Secara aturan, pengguna knalpot brong dianggap melanggar lalu lintas lantaran komponen kendaraan tak sesuai dengan spesifikasi sebagaimana tercantum dalam pasal 285 Undang-Undang No. 22 Tahun 2009 tentang Lalu Lintas dan Angkutan Jalan.

“Setiap orang yang mengemudikan motor di jalan tidak memenuhi persyaratan teknis dan laik jalan meliputi kaca spion, klakson, lampu utama, lampu rem, lampu penunjuk arah, alat pemantul cahaya, alat pengukur kecepatan, knalpot, dan kedalaman alur ban, sebagaimana dimaksud dalam Pasal 106 ayat (3) juncto Pasal 48 ayat (2) dan ayat (3), dapat dipidana dengan pidana kurungan paling lama satu bulan atau denda paling banyak Rp 250 ribu,” begitu bunyi pasal 285.

Lebih lanjut, suara knalpot juga diatur dalam Peraturan Menteri Negara Lingkungan Hidup nomor 56 tahun 2019 tentang Baku Mutu Kebisingan Kendaraan Bermotor Tipe Baru dan kendaraan Bermotor yang sedang Diproduksi Kategori M, Kategori N, dan Kategori L.

Dalam aturan itu disebutkan bahwa motor berkapasitas kurang dari 80 cc tingkat maksimal kebisingan 77 dB, motor berkubikasi 80-175 cc tingkat maksimal kebisingan 80 dB, dan untuk motor di atas 175 cc maksimal bising 83 dB.

Sementara itu, Stevano juga berharap polusi udara yang berasal dari kendaraan bermotor ditangani. Menurutnya, emisi yang lebih bersih seharusnya menjadi syarat untuk perpanjang STNK.

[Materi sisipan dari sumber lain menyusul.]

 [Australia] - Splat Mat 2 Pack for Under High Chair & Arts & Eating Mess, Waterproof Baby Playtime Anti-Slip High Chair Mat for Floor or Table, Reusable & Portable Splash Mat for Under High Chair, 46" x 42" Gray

“Terkait polusi udara sudah menjadi isu yang sangat meresahkan kita semua yang sangat mengganggu hajat hidup orang banyak, terutama di kota-kota besar. Saya usul kita masukkan itu sebagai prasyarat perpanjangan STNK misalkan. Seperti di Amerika, kalau untuk memperpanjang STNK harus dilakukan smoke test. Ada ambang batas yang harus tidak boleh dilampaui sehingga baru bisa diterbitkan perpanjangan STNk tersebut,” ujarnya.

Aan mengatakan, pihaknya bekerja sama dengan Kementerian Lingkungan Hidup dan Kehutanan (KLHK) untuk menangani masalah emisi ini.

“Kami juga sudah melangkah kita sudah koordinasi dengan KLHK () melakukan uji petik terkait emisi gas buang,” ucapnya.